Data extract section start

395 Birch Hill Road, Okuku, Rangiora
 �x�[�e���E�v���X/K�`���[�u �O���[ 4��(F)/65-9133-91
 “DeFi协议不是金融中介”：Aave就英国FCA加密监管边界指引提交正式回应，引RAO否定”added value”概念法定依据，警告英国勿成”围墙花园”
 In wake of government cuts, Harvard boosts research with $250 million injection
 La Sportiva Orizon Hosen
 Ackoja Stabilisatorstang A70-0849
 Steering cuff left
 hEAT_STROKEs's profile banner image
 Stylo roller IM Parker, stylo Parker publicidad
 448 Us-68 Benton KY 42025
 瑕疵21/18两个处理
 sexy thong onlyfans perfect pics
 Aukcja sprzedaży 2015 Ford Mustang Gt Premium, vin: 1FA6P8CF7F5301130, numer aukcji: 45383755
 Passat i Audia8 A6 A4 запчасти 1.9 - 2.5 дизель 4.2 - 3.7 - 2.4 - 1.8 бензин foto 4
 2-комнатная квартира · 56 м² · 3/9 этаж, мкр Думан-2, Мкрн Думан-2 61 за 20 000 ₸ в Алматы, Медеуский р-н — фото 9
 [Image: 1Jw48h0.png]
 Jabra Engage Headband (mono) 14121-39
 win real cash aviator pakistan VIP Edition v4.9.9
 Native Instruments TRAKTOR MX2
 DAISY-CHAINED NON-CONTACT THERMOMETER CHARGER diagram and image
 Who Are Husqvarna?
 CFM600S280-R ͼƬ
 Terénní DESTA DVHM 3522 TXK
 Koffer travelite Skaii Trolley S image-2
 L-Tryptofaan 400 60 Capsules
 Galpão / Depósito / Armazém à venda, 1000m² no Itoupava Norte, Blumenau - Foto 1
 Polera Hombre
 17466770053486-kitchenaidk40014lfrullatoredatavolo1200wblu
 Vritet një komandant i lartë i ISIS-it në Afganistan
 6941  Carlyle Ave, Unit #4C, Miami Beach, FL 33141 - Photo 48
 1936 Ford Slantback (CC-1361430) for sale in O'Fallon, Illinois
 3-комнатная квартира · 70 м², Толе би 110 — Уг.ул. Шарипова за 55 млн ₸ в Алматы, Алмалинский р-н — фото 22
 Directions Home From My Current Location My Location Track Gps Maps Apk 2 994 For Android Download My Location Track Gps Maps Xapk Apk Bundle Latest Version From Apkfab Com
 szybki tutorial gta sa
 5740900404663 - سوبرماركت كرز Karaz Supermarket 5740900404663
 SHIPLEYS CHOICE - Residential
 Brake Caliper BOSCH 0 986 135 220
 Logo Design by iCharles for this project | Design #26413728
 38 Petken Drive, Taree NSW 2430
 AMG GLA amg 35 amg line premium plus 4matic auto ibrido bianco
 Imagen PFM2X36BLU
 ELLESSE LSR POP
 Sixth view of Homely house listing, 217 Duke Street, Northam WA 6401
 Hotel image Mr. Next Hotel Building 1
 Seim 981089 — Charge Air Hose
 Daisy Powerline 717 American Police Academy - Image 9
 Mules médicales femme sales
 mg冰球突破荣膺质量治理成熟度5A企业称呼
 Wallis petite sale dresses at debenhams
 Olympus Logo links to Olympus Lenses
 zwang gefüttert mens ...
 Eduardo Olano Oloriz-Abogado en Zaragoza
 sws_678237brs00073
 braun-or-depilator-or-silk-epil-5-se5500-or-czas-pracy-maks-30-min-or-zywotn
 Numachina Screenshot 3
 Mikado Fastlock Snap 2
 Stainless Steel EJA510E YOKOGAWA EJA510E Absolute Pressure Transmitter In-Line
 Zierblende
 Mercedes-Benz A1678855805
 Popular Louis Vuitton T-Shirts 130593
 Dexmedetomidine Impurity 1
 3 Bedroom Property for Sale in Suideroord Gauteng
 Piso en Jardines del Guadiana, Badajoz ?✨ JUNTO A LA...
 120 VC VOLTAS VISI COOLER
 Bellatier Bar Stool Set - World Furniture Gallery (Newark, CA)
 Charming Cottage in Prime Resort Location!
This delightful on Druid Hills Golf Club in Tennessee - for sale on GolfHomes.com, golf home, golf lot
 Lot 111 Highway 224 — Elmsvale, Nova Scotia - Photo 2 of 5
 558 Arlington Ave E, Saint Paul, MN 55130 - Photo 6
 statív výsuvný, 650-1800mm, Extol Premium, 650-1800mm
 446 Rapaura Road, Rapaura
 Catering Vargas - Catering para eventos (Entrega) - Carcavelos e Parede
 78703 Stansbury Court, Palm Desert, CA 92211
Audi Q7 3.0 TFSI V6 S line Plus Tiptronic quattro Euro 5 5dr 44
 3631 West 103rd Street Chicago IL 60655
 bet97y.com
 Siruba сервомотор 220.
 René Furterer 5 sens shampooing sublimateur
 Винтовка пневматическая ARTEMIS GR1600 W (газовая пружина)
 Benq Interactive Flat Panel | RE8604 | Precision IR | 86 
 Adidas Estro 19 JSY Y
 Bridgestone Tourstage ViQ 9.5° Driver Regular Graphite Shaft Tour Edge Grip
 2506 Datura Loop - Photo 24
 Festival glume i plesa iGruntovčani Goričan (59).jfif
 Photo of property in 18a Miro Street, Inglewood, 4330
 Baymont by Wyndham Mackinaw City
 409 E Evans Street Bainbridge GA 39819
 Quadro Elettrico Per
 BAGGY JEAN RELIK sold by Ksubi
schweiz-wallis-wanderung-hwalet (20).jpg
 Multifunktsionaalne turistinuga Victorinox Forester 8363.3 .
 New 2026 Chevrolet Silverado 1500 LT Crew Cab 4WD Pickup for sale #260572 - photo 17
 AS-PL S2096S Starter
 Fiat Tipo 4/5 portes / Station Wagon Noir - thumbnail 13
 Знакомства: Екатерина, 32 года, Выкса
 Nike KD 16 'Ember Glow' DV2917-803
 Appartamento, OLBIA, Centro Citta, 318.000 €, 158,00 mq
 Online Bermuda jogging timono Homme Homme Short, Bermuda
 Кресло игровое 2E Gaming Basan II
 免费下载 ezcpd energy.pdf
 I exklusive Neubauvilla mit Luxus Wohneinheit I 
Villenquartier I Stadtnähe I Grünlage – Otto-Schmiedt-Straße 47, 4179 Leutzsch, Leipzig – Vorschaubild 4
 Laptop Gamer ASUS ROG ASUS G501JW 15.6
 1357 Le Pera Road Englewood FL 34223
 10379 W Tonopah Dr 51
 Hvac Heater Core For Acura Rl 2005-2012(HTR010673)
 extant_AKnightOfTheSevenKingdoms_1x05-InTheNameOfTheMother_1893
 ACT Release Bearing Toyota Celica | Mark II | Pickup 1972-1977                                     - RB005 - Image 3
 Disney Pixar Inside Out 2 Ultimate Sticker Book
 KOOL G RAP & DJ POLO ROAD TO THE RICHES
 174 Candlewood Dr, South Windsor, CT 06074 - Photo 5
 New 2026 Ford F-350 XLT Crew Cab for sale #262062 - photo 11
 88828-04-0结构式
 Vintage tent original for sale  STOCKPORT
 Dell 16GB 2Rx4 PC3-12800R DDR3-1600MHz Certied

Data extract section end

**Task objective:** Would you please transcribe all of the entries above exactly?

**Worked solution:**
395 Birch Hill Road, Okuku, Rangiora
 �x�[�e���E�v���X/K�`���[�u �O���[ 4��(F)/65-9133-91
 “DeFi协议不是金融中介”：Aave就英国FCA加密监管边界指引提交正式回应，引RAO否定”added value”概念法定依据，警告英国勿成”围墙花园”
 In wake of government cuts, Harvard boosts research with $250 million injection
 La Sportiva Orizon Hosen
 Ackoja Stabilisatorstang A70-0849
 Steering cuff left
 hEAT_STROKEs's profile banner image
 Stylo roller IM Parker, stylo Parker publicidad
 448 Us-68 Benton KY 42025
 瑕疵21/18两个处理
 sexy thong onlyfans perfect pics
 Aukcja sprzedaży 2015 Ford Mustang Gt Premium, vin: 1FA6P8CF7F5301130, numer aukcji: 45383755
 Passat i Audia8 A6 A4 запчасти 1.9 - 2.5 дизель 4.2 - 3.7 - 2.4 - 1.8 бензин foto 4
 2-комнатная квартира · 56 м² · 3/9 этаж, мкр Думан-2, Мкрн Думан-2 61 за 20 000 ₸ в Алматы, Медеуский р-н — фото 9
 [Image: 1Jw48h0.png]
 Jabra Engage Headband (mono) 14121-39
 win real cash aviator pakistan VIP Edition v4.9.9
 Native Instruments TRAKTOR MX2
 DAISY-CHAINED NON-CONTACT THERMOMETER CHARGER diagram and image
 Who Are Husqvarna?
 CFM600S280-R ͼƬ
 Terénní DESTA DVHM 3522 TXK
 Koffer travelite Skaii Trolley S image-2
 L-Tryptofaan 400 60 Capsules
 Galpão / Depósito / Armazém à venda, 1000m² no Itoupava Norte, Blumenau - Foto 1
 Polera Hombre
 17466770053486-kitchenaidk40014lfrullatoredatavolo1200wblu
 Vritet një komandant i lartë i ISIS-it në Afganistan
 6941  Carlyle Ave, Unit #4C, Miami Beach, FL 33141 - Photo 48
 1936 Ford Slantback (CC-1361430) for sale in O'Fallon, Illinois
 3-комнатная квартира · 70 м², Толе би 110 — Уг.ул. Шарипова за 55 млн ₸ в Алматы, Алмалинский р-н — фото 22
 Directions Home From My Current Location My Location Track Gps Maps Apk 2 994 For Android Download My Location Track Gps Maps Xapk Apk Bundle Latest Version From Apkfab Com
 szybki tutorial gta sa
 5740900404663 - سوبرماركت كرز Karaz Supermarket 5740900404663
 SHIPLEYS CHOICE - Residential
 Brake Caliper BOSCH 0 986 135 220
 Logo Design by iCharles for this project | Design #26413728
 38 Petken Drive, Taree NSW 2430
 AMG GLA amg 35 amg line premium plus 4matic auto ibrido bianco
 Imagen PFM2X36BLU
 ELLESSE LSR POP
 Sixth view of Homely house listing, 217 Duke Street, Northam WA 6401
 Hotel image Mr. Next Hotel Building 1
 Seim 981089 — Charge Air Hose
 Daisy Powerline 717 American Police Academy - Image 9
 Mules médicales femme sales
 mg冰球突破荣膺质量治理成熟度5A企业称呼
 Wallis petite sale dresses at debenhams
 Olympus Logo links to Olympus Lenses
 zwang gefüttert mens ...
 Eduardo Olano Oloriz-Abogado en Zaragoza
 sws_678237brs00073
 braun-or-depilator-or-silk-epil-5-se5500-or-czas-pracy-maks-30-min-or-zywotn
 Numachina Screenshot 3
 Mikado Fastlock Snap 2
 Stainless Steel EJA510E YOKOGAWA EJA510E Absolute Pressure Transmitter In-Line
 Zierblende
 Mercedes-Benz A1678855805
 Popular Louis Vuitton T-Shirts 130593
 Dexmedetomidine Impurity 1
 3 Bedroom Property for Sale in Suideroord Gauteng
 Piso en Jardines del Guadiana, Badajoz ?✨ JUNTO A LA...
 120 VC VOLTAS VISI COOLER
 Bellatier Bar Stool Set - World Furniture Gallery (Newark, CA)
 Charming Cottage in Prime Resort Location!
This delightful on Druid Hills Golf Club in Tennessee - for sale on GolfHomes.com, golf home, golf lot
 Lot 111 Highway 224 — Elmsvale, Nova Scotia - Photo 2 of 5
 558 Arlington Ave E, Saint Paul, MN 55130 - Photo 6
 statív výsuvný, 650-1800mm, Extol Premium, 650-1800mm
 446 Rapaura Road, Rapaura
 Catering Vargas - Catering para eventos (Entrega) - Carcavelos e Parede
 78703 Stansbury Court, Palm Desert, CA 92211
Audi Q7 3.0 TFSI V6 S line Plus Tiptronic quattro Euro 5 5dr 44
 3631 West 103rd Street Chicago IL 60655
 bet97y.com
 Siruba сервомотор 220.
 René Furterer 5 sens shampooing sublimateur
 Винтовка пневматическая ARTEMIS GR1600 W (газовая пружина)
 Benq Interactive Flat Panel | RE8604 | Precision IR | 86 
 Adidas Estro 19 JSY Y
 Bridgestone Tourstage ViQ 9.5° Driver Regular Graphite Shaft Tour Edge Grip
 2506 Datura Loop - Photo 24
 Festival glume i plesa iGruntovčani Goričan (59).jfif
 Photo of property in 18a Miro Street, Inglewood, 4330
 Baymont by Wyndham Mackinaw City
 409 E Evans Street Bainbridge GA 39819
 Quadro Elettrico Per
 BAGGY JEAN RELIK sold by Ksubi
schweiz-wallis-wanderung-hwalet (20).jpg
 Multifunktsionaalne turistinuga Victorinox Forester 8363.3 .
 New 2026 Chevrolet Silverado 1500 LT Crew Cab 4WD Pickup for sale #260572 - photo 17
 AS-PL S2096S Starter
 Fiat Tipo 4/5 portes / Station Wagon Noir - thumbnail 13
 Знакомства: Екатерина, 32 года, Выкса
 Nike KD 16 'Ember Glow' DV2917-803
 Appartamento, OLBIA, Centro Citta, 318.000 €, 158,00 mq
 Online Bermuda jogging timono Homme Homme Short, Bermuda
 Кресло игровое 2E Gaming Basan II
 免费下载 ezcpd energy.pdf
 I exklusive Neubauvilla mit Luxus Wohneinheit I 
Villenquartier I Stadtnähe I Grünlage – Otto-Schmiedt-Straße 47, 4179 Leutzsch, Leipzig – Vorschaubild 4
 Laptop Gamer ASUS ROG ASUS G501JW 15.6
 1357 Le Pera Road Englewood FL 34223
 10379 W Tonopah Dr 51
 Hvac Heater Core For Acura Rl 2005-2012(HTR010673)
 extant_AKnightOfTheSevenKingdoms_1x05-InTheNameOfTheMother_1893
 ACT Release Bearing Toyota Celica | Mark II | Pickup 1972-1977                                     - RB005 - Image 3
 Disney Pixar Inside Out 2 Ultimate Sticker Book
 KOOL G RAP & DJ POLO ROAD TO THE RICHES
 174 Candlewood Dr, South Windsor, CT 06074 - Photo 5
 New 2026 Ford F-350 XLT Crew Cab for sale #262062 - photo 11
 88828-04-0结构式
 Vintage tent original for sale  STOCKPORT
 Dell 16GB 2Rx4 PC3-12800R DDR3-1600MHz Certied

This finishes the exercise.